The crash *can* be avoided completely *iff* the semantics over the
requirements are expressed clearly through kconfig. My follow up patch
to the top level Makefile INSTALL_MOD_DIR to use "updates" instead of
"extra" essentially exposed anyone other than folks using a specific
version of RHEL or Fedora *easily* can end up crashing with cxl_test.
That's I think a far much worse predicament.

> Any redefinition of what a symbol does via --wrap= is a
> fragile proposition.

It is what cxl_test does though. Supporting it as a module Vs built-in
has no difference except as exposing semantics and requirements clearly.

> The fact that crash signatures with cxl_test loaded
> have the external module taint flag set is a feature.

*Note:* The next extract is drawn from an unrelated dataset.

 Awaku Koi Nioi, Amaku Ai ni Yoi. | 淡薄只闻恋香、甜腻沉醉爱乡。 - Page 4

I helped review the patch that added the taint flag for all testing
modules, that it does not mean we can't add it for built-in. This can
easily be done for instance with a kconfig symbol which pegs the taint
for any test module as built-in. In fact if we're not tainint built-in
test modules that change should happen anyway.

Having a test module be built-in or not shoud in no way shape or form
affect your testing. If the driver *happens* to rely on module load
and unload to any clean state machine -- that should be fixed given
the slew of bugs I have found other test modules which follow similar
logic.

> The --wrap= option
> has no business within the main tree

If --wrap is really unreliable, the unreliable aspects should be
documented, however it seems in this case it is just seems for cxl
its only used for testing. And whether or not you test with built-in
or modules should have no effect over --wrap.

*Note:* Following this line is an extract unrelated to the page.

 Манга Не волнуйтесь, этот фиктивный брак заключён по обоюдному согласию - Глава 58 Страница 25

> because it violates the valid
> assumptions of other cxl_test-innocent developers.

By having cxl_test be a proper upstream driver you define the
requirements clearly, and the kconfig symbols enabled are sufficient
to only let that module be built if folks are ready to shoot themseves
on the foot. Today the semantics are not clear, and in fact relies on
a old distro INSTALL_MOD_DIR assumption.

> The benefit that resonated with me during this discussion was more
> compile test coverage for cxl_test components.

Those benefits still stand.

> However, that is achieved
> by tools/testing/cxl/ adopting the same compile coverage scheme that
> tools/testing/nvdimm/ has with CONFIG_NVDIMM_TEST_BUILD.

That does not by any means mean that CONFIG_NVDIMM_TEST_BUILD can also
be converted to allow built-in. In fact I'd argue the same for that too.
The same benefits applies there too.

Luis